Surviving the Summer Series: Family Reunions

Friday, June 17th, 2011

Summer is a time for “baseball and apple pie”, for relaxing and being outdoors. Children are out of school and families take vacations. It’s also a time for family reunions. Although these reunions are exciting, they can also lead to increased stress for individuals and families. For some, family reunions are a time to reconnect with relatives and meet new additions to the family. For others, being with extended family is difficult. Whether it’s trying to maintain a happy facade when your marriage is struggling or enduring Uncle Bob’s lengthy stories, these gatherings can be highly emotional. If there has been discord or abuse in the family, reunions might reignite uncomfortable memories. These gatherings can also be difficult due to missing family members who are deceased. It’s important to be aware of your own state of mind and emotional well-being prior to entering this possibly stressful situation.
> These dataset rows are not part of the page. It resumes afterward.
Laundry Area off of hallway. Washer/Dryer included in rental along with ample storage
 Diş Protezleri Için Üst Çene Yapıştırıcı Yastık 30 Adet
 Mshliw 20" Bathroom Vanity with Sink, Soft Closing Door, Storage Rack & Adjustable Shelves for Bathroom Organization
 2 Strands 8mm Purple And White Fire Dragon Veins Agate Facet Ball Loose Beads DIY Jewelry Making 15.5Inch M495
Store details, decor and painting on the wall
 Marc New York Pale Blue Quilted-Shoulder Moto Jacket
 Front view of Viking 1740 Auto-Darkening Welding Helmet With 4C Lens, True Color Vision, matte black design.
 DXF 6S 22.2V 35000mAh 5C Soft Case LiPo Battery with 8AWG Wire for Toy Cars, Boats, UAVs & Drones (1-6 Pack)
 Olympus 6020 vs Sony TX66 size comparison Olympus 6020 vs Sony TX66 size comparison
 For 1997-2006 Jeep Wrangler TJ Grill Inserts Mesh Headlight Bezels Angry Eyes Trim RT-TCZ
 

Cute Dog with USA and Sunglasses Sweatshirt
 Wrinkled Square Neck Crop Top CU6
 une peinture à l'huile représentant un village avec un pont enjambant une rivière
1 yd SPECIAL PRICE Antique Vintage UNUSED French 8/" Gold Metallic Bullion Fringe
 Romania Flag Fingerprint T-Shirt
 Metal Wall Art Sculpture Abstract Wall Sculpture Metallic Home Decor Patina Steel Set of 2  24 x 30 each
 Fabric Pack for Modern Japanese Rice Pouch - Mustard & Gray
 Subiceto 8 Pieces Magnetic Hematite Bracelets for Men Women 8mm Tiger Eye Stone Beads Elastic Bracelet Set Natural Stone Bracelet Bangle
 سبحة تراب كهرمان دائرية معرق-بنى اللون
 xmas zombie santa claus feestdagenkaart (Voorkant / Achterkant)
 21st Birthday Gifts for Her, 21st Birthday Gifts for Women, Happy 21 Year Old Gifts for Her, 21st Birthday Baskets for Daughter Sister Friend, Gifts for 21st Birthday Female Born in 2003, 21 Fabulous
The Mayo Clinic recommends the following strategies:

1) Plan ahead how you will handle unpleasant situations – role-playing can help

2) Have realistic expectations – family members may not have changed

3) Limit time there – have a pre-planned exit strategy

4) Self-care – get plenty of rest and use exercise for stress relief

5) Avoid sensitive subjects – such as politics

6) Take a break while there – go sight-seeing or play a game

7) Spend time with family members with whom you are comfortable

8 ) Memorialize deceased family members – bring their favorite food or music, share memories, have pictures/slides, donate to charity in their memory Counseling can be helpful in preparing for and recovering from a stressful event.